──────── MATERIAL FOR THE TASK ────────
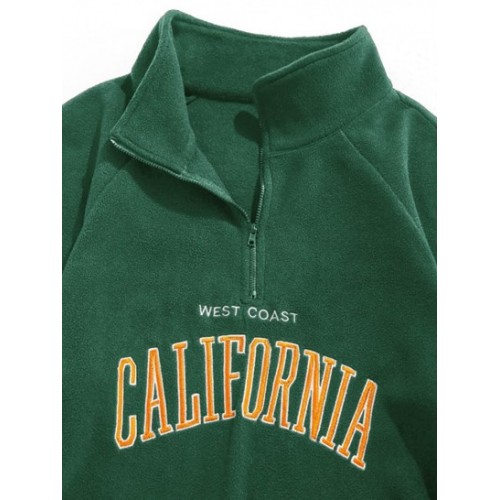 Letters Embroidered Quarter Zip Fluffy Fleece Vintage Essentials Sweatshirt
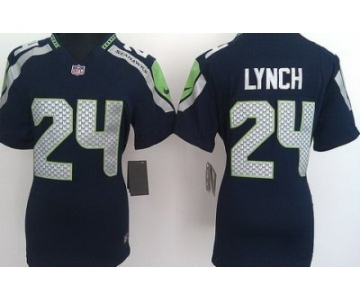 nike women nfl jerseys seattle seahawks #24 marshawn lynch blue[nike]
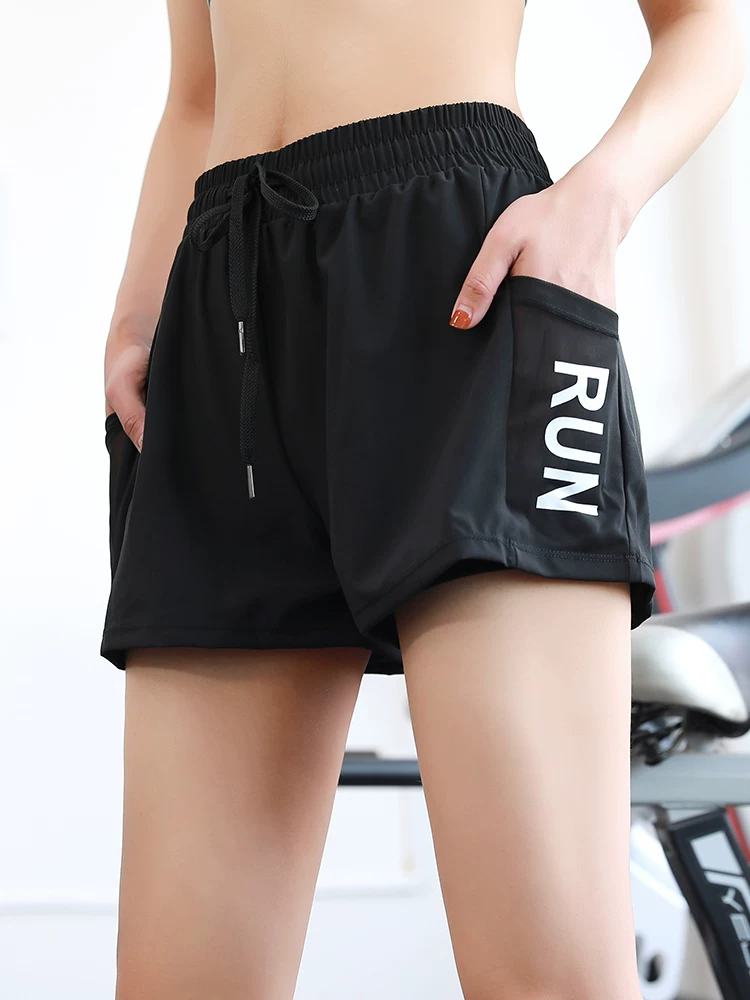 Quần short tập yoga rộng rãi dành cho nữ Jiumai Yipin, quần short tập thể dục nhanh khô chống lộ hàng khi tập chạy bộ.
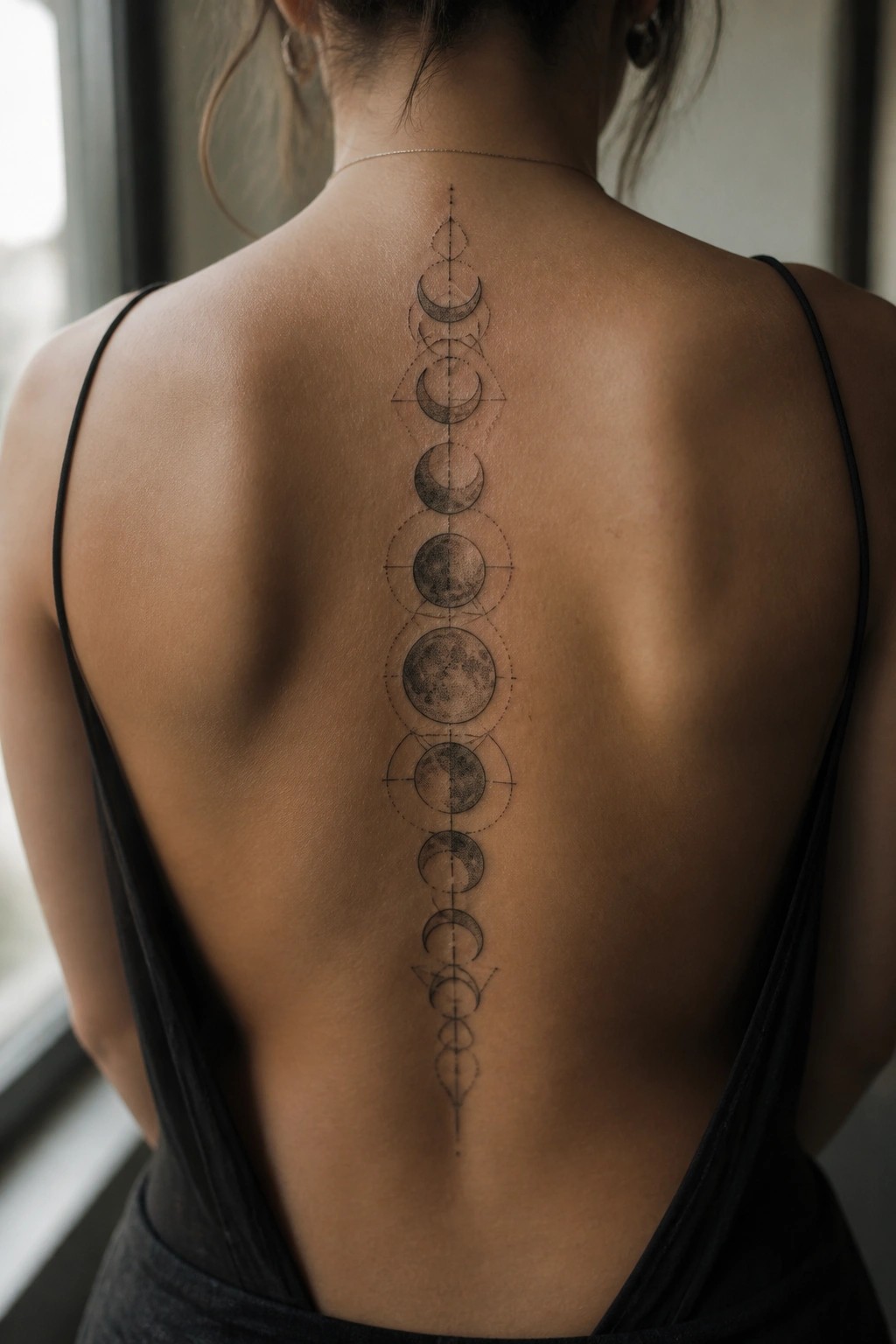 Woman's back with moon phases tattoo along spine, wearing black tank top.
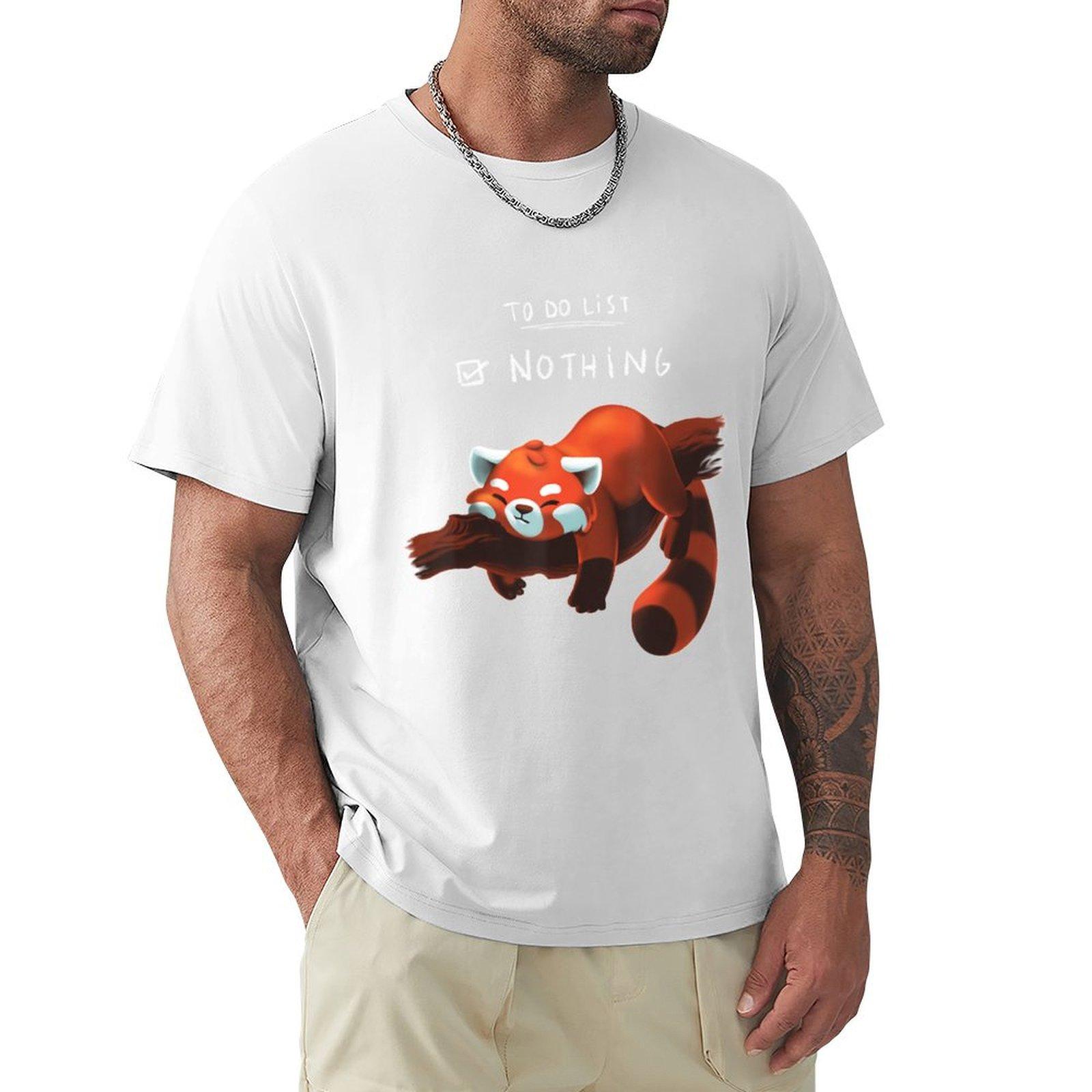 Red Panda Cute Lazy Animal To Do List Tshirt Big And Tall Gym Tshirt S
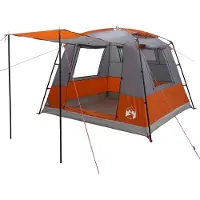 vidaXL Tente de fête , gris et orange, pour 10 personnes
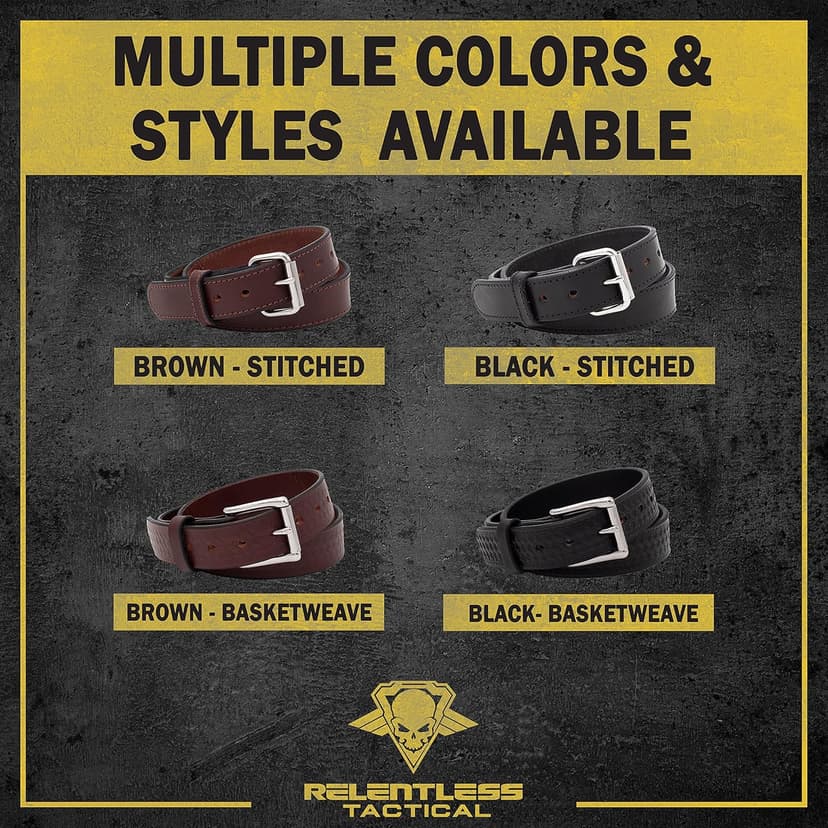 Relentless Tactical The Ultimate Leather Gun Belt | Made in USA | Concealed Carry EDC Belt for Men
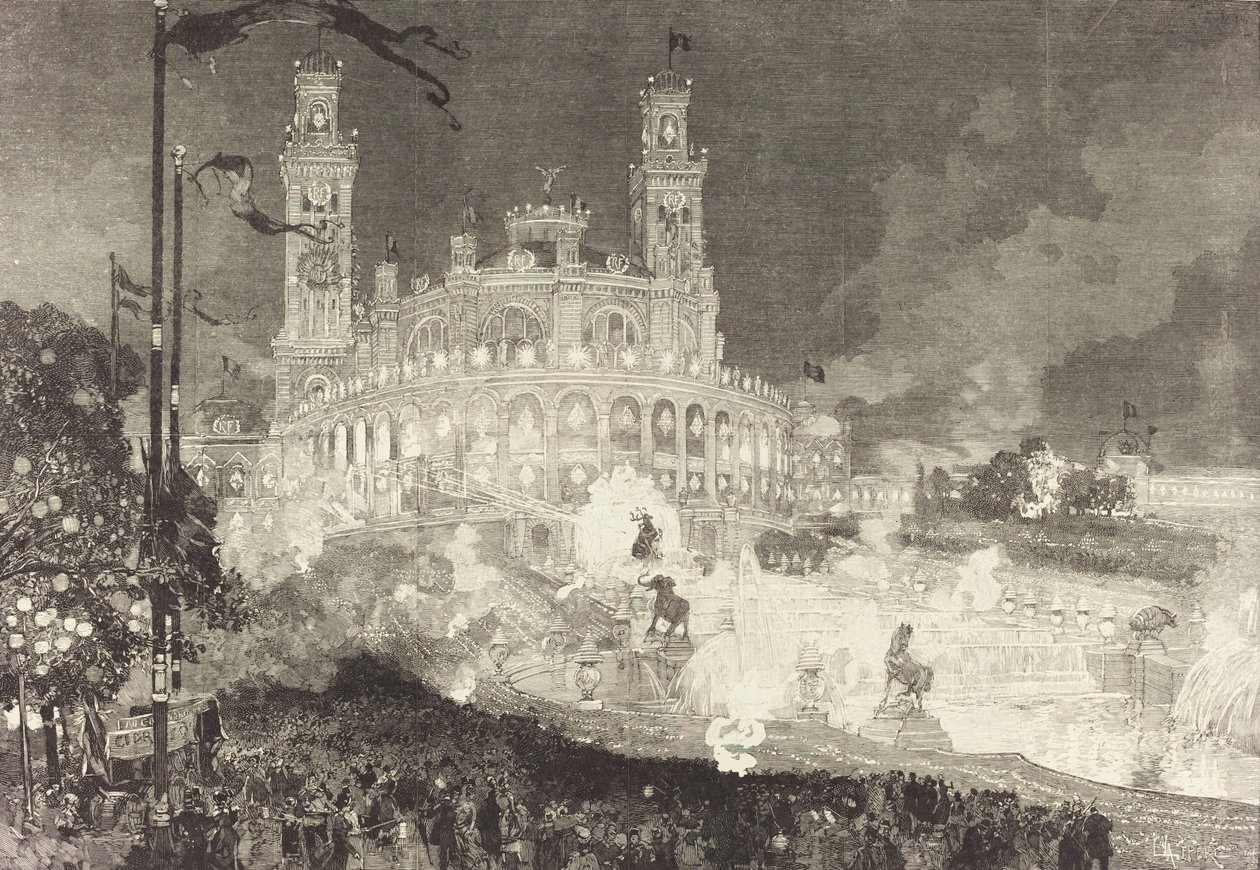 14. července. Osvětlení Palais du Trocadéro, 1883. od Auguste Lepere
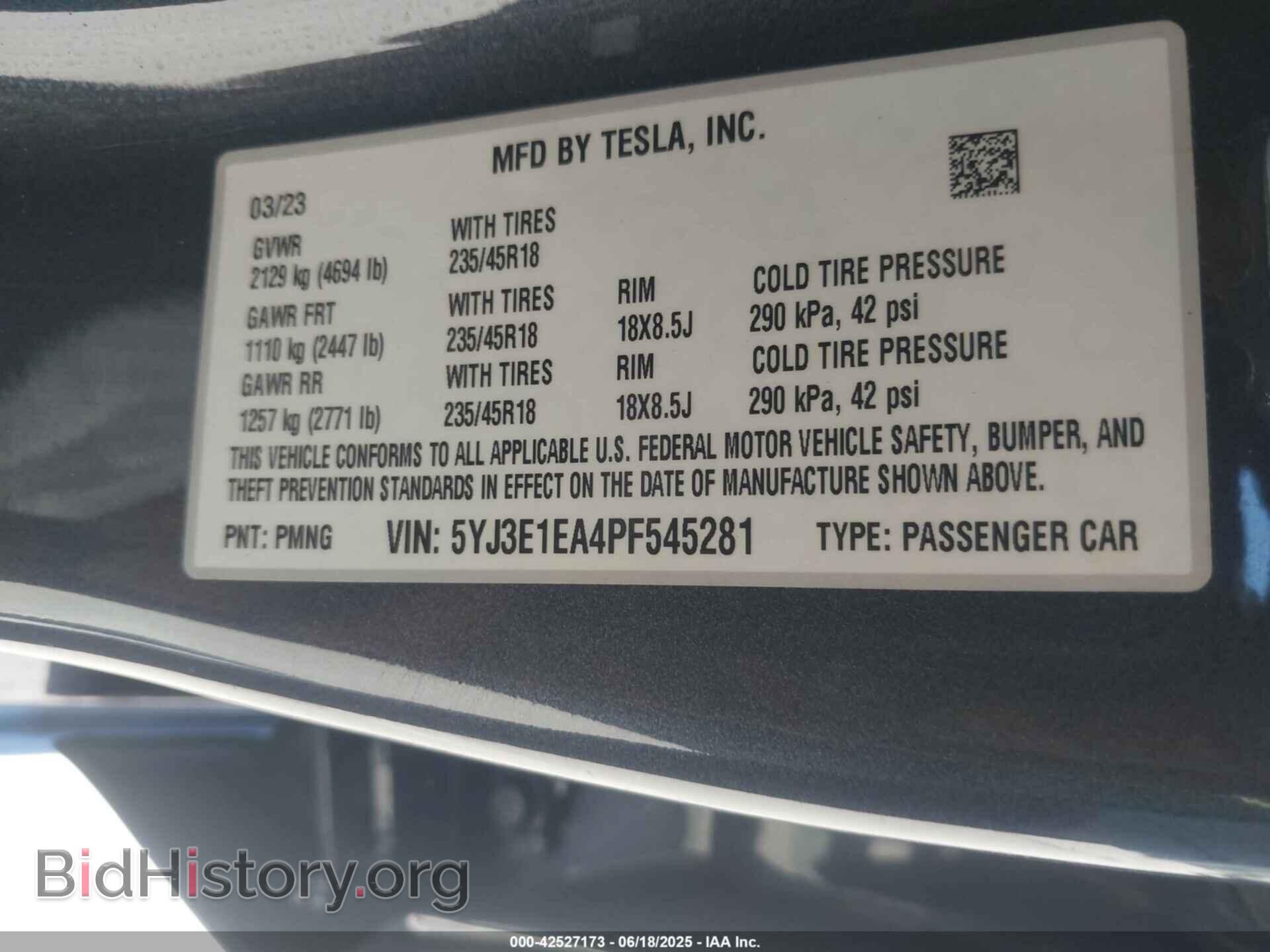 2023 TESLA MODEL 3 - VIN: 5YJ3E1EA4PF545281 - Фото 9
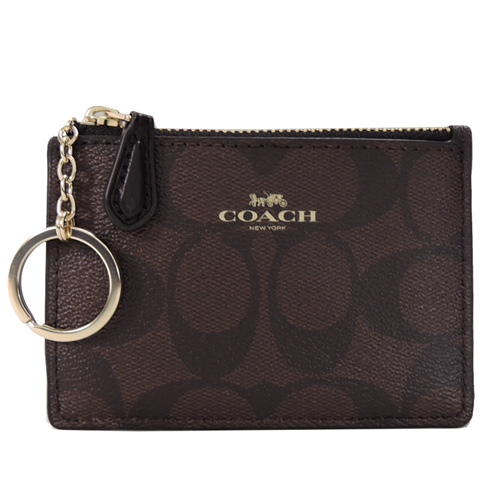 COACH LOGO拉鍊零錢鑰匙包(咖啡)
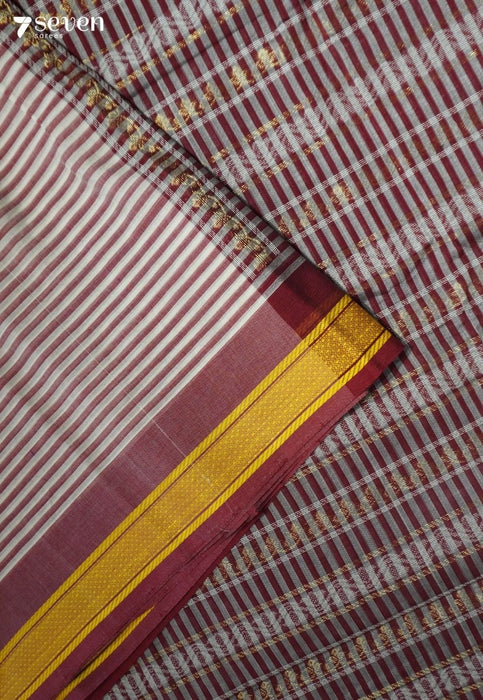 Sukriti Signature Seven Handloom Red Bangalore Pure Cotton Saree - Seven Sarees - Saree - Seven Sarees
────────
■ **TO DO**
The material above should be repeated word for word, with every picture omitted.

■ **RESPONSE TO THE TASK**
 Letters Embroidered Quarter Zip Fluffy Fleece Vintage Essentials Sweatshirt
 nike women nfl jerseys seattle seahawks #24 marshawn lynch blue[nike]
 Quần short tập yoga rộng rãi dành cho nữ Jiumai Yipin, quần short tập thể dục nhanh khô chống lộ hàng khi tập chạy bộ.
 Woman's back with moon phases tattoo along spine, wearing black tank top.
 Red Panda Cute Lazy Animal To Do List Tshirt Big And Tall Gym Tshirt S
 vidaXL Tente de fête , gris et orange, pour 10 personnes
 Relentless Tactical The Ultimate Leather Gun Belt | Made in USA | Concealed Carry EDC Belt for Men
 14. července. Osvětlení Palais du Trocadéro, 1883. od Auguste Lepere
 2023 TESLA MODEL 3 - VIN: 5YJ3E1EA4PF545281 - Фото 9
 COACH LOGO拉鍊零錢鑰匙包(咖啡)
 Sukriti Signature Seven Handloom Red Bangalore Pure Cotton Saree - Seven Sarees - Saree - Seven Sarees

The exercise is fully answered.